S.1360 - A bill to amend the Indian Financing Act of 1974, and for other purposes.100th Congress (1987-1988)
|Sponsor:||Sen. Burdick, Quentin N. [D-ND] (Introduced 06/11/1987)|
|Committees:||Senate - Permanent Select Committee on Indian Affairs | House - Interior and Insular Affairs|
|Committee Reports:||S.Rept 100-149; H.Rept 100-838|
|Latest Action:||09/22/1988 Became Public Law No: 100-442. (All Actions)|
This bill has the status Became Law
Here are the steps for Status of Legislation:
- Passed Senate
- Passed House
- Resolving Differences
- To President
- Became Law
Summary: S.1360 — 100th Congress (1987-1988)All Information (Except Text)
(Measure passed House, amended)
Passed House amended (08/08/1988)
Amends the Indian Financing Act of 1974 to increase the amount of loans to individual Indians or economic enterprises from $350,000 to $500,000.
Allows the sale or assignment to any person of any loan guaranteed under such Act. Removes the restriction that such sale or assignment is subject to examination or supervision by the United States.
Raises the loan guarantee authorization from $200,000,000 to $500,000,000.
Provides that all collections and all moneys appropriated under such Act will remain available until expended.
Requires that if the Secretary of the Interior determines that the amount in the Indian Loan Guaranty and Insurance Fund is insufficient to maintain an adequate level of reserves, the Secretary must submit a report notifying the Congress of the deficiencies in the Fund.
Authorizes the Secretary to provide a supplemental surety bond guarantee, not to exceed 20 percent of any loss, for any Indian individual or economic enterprise eligible for a surety guarantee under specified provisions of the Small Business Investment Act of 1958, so that the aggregate of the two guarantees is 100 percent.
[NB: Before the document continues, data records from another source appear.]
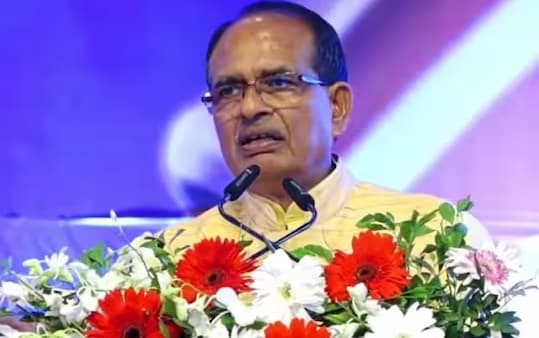 मध्य प्रदेश के CM शिवराज सिंह चौहान ने लगाई पत्रकारों के लिए घोषणाओं की झड़ी, कहा-चुनाव के बाद भी हम ही रहने वाले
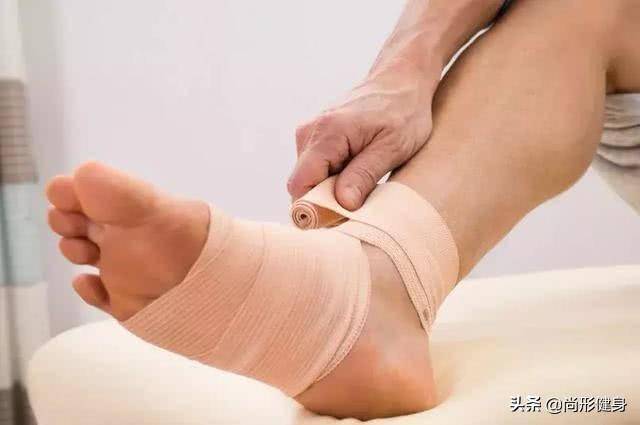 腳崴了腳側(cè)面鼓個包怎么辦？——全方位指南，腳崴后側(cè)面出現(xiàn)鼓包怎么辦？全方位指南幫你解決煩惱！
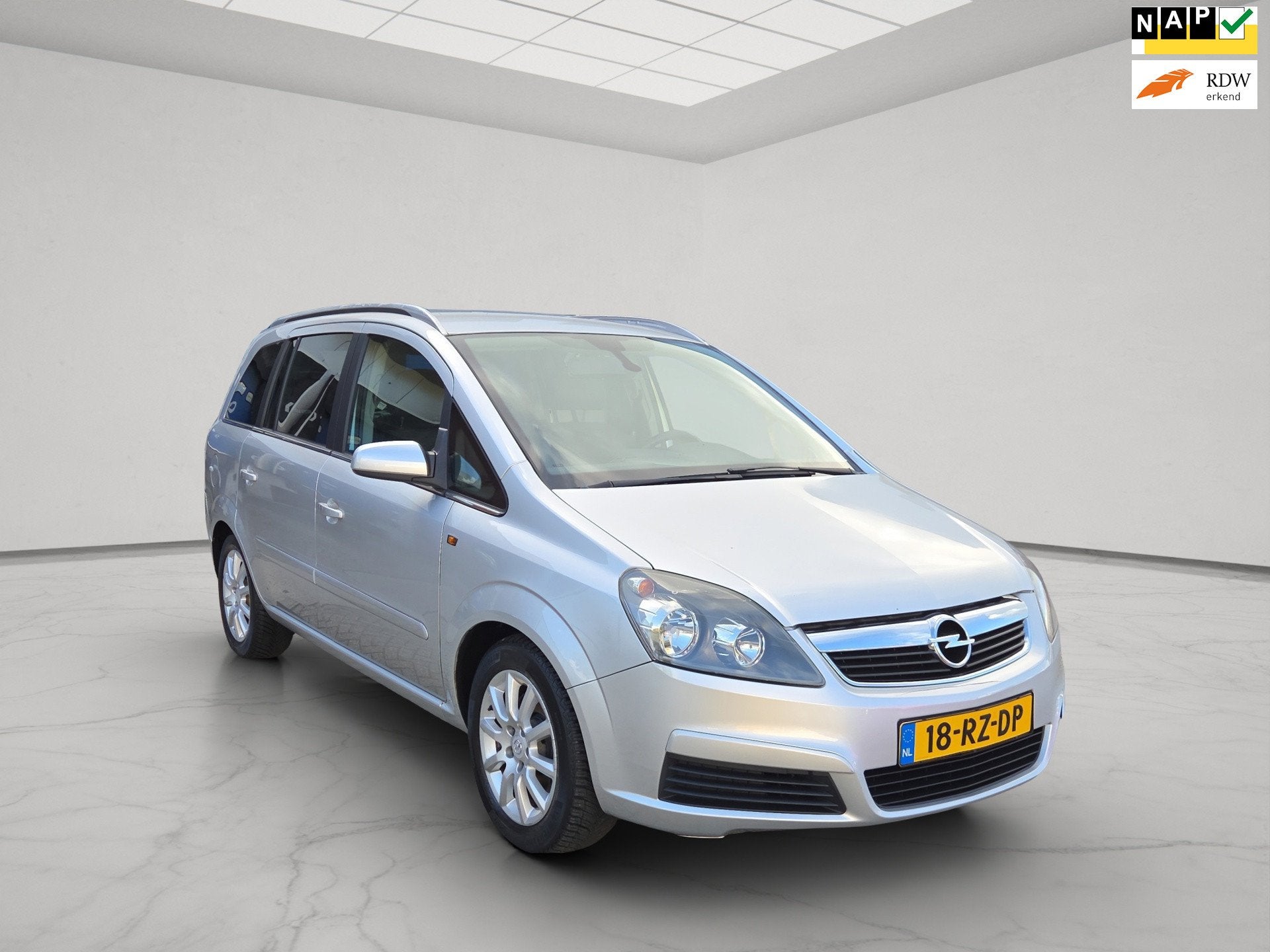 Opel Zafira 2.2 Cosmo |7PER| NL AUTO|, Voorwielaandrijving, Verwarmde buitenspiegels, Stof, Gebruikt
Allows the Secretary to provide such supplemental guarantee only if certain criteria are met, including that the supplemental guarantee is necessary for the Indian individual or economic enterprise to secure a surety bond.
Requires the Secretary to establish fees to be paid by principals and premiums to be paid by sureties and to deposit them in the Fund.
States that the Secretary may guarantee not to exceed 90 percent of the unpaid principal and interest due on an issue of bonds, debentures, or similar obligations issued by an organization satisfactory to the Secretary.
Provides that a contractor of a Federal agency may be allowed an additional amount of compensation equal to five percent of the amount paid to a subcontractor or supplier if such subcontractor or supplier is an Indian organization or Indian-owned economic enterprise.